TASK PROMPT
Return, exactly and in full, the lines of the records below starting at the one with "Imatge pels mitjans: Calgary's" and ending at the one with "我校组织开展廉政警示教育", and no other lines.

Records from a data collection
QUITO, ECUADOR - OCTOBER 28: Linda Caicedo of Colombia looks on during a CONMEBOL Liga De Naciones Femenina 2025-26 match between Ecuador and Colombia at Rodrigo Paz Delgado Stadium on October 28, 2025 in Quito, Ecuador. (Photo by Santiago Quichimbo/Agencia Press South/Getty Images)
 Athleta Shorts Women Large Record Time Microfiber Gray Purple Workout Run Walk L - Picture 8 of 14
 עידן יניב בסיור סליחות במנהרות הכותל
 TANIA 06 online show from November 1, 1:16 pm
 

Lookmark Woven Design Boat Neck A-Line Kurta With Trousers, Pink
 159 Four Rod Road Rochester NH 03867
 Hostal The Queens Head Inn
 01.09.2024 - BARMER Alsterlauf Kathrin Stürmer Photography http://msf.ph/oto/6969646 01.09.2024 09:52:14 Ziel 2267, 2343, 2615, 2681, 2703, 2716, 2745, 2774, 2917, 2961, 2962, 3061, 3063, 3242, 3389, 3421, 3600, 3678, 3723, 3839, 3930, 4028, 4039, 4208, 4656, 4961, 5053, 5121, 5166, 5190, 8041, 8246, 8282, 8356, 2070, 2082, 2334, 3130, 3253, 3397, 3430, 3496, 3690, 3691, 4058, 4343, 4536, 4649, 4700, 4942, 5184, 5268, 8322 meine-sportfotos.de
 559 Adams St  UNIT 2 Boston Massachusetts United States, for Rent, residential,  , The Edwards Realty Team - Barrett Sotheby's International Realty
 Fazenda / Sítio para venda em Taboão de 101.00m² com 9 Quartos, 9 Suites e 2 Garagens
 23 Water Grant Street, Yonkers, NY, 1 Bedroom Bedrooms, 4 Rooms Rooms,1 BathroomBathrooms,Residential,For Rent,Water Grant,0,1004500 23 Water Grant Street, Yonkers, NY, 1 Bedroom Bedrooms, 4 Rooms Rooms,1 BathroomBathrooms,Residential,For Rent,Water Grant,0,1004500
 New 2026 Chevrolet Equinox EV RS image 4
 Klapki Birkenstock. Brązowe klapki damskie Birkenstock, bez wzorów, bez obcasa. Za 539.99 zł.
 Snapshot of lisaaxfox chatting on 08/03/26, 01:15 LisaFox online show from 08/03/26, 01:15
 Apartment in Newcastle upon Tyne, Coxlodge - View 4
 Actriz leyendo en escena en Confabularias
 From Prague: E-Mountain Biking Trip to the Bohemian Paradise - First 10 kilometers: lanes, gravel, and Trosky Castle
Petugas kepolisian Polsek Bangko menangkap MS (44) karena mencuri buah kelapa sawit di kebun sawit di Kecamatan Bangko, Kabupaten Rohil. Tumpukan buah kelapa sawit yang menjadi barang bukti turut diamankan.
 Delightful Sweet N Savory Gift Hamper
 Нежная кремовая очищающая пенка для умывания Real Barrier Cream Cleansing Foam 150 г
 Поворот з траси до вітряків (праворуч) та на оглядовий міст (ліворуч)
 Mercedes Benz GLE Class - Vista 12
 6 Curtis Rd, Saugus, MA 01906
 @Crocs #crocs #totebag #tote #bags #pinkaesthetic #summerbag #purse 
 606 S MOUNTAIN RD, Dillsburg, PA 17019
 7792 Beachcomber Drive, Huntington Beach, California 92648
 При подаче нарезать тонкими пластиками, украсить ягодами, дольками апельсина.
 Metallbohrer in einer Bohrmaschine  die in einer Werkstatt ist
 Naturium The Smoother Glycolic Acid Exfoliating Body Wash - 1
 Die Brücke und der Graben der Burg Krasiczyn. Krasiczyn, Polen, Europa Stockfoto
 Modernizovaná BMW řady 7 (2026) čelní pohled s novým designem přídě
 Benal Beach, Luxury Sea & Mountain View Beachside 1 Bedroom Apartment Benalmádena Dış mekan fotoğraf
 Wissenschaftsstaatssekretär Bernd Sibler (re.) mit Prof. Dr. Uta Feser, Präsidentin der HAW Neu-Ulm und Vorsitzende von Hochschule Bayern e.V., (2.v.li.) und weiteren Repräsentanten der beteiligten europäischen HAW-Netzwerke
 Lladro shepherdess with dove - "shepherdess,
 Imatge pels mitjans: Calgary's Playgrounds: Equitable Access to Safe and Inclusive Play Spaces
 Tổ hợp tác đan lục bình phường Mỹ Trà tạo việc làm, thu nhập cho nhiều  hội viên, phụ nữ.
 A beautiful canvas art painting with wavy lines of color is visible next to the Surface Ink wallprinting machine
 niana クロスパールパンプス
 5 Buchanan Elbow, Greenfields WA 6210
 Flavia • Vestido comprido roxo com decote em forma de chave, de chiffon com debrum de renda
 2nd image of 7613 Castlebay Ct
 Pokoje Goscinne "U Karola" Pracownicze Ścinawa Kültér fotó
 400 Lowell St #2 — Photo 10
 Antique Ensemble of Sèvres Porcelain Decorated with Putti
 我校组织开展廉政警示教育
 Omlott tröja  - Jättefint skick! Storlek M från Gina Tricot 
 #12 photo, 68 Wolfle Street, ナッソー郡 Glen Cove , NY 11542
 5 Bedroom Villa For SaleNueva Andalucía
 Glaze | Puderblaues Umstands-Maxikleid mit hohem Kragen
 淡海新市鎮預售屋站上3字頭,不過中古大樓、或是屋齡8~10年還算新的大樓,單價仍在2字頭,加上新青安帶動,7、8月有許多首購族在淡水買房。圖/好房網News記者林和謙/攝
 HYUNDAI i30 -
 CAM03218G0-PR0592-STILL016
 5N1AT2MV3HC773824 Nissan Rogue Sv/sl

WORKED SOLUTION
 Imatge pels mitjans: Calgary's Playgrounds: Equitable Access to Safe and Inclusive Play Spaces
 Tổ hợp tác đan lục bình phường Mỹ Trà tạo việc làm, thu nhập cho nhiều  hội viên, phụ nữ.
 A beautiful canvas art painting with wavy lines of color is visible next to the Surface Ink wallprinting machine
 niana クロスパールパンプス
 5 Buchanan Elbow, Greenfields WA 6210
 Flavia • Vestido comprido roxo com decote em forma de chave, de chiffon com debrum de renda
 2nd image of 7613 Castlebay Ct
 Pokoje Goscinne "U Karola" Pracownicze Ścinawa Kültér fotó
 400 Lowell St #2 — Photo 10
 Antique Ensemble of Sèvres Porcelain Decorated with Putti
 我校组织开展廉政警示教育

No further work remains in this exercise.